The Pentagon sent the Office of Management and Budget a “workforce rationalization plan” in response to the White House’s mandate for reform proposals, which it said marks a “significant shift” in its approach to “workforce sizing, shaping, and structuring”. It moves away from placing “arbitrary caps on civilian staffing levels and depend more on those employees over “needlessly expensive” contractors and borrowing military personnel.
The Department said this plan would reduce costs by cutting contractor services, instead “in-sourcing” that work to the government. They also plan to analyze positions to determine if they can be converted to a lower grade or from military to civilian and reduce management layers across the organization.
Matt Biggs, legislative director for the International Federation of Professional and Technical Engineers, which represents more than 10,000 Defense civilians, said the plan was “very positive” and “a long time coming”.
The American Federation of Government Employees also suggested that spending on the contractor workforce is unaccountable and a threat to civilians. “While it’s certainly good news that the Pentagon has formally recognized civilian employees as essential to readiness, lethality, and sustainment of the all-volunteer force of military,” the union said, “the reality is that a single Pentagon headquarters policy by itself, practically speaking, does little to end the longstanding caps on hiring permanent civilian employees.”

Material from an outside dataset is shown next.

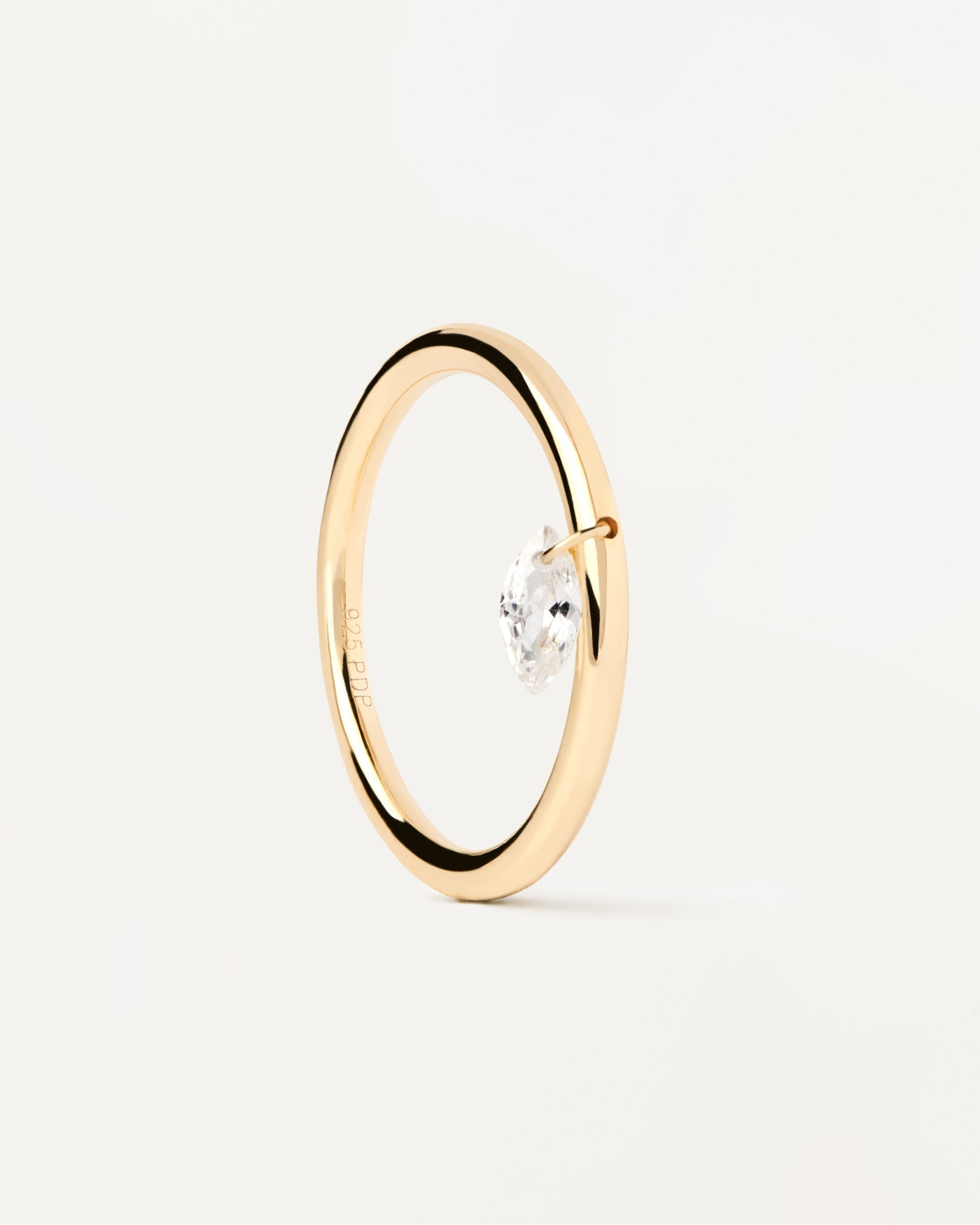 2023 Selection | Rain Solitary Ring. Gold-plated silver ring with small white zirconia drop pendant. Get the latest arrival from PDPAOLA. Place your order safely and get this Best Seller. Free Shipping.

The DoD will use special hiring authority it recently received to improve recruiting efforts.
Overall, the Pentagon is looking to empower all its employees—including the 1.3 million active duty military personnel, 811,000 National Guardsmen and reservists, 750,000 civilians, and more than 600,000 contractors. “The creativity and talent of the military and civilian workforce is our greatest enduring strength, and one we do not take for granted,” the department said.
There is still congressional pressure for the department to cut its workforce. The House recently supported a provision in the Fiscal 2019 National Defense Authorization Act that requires the Pentagon to slash workforce by 25%, although, the measure has yet to receive a vote on the Senate floor.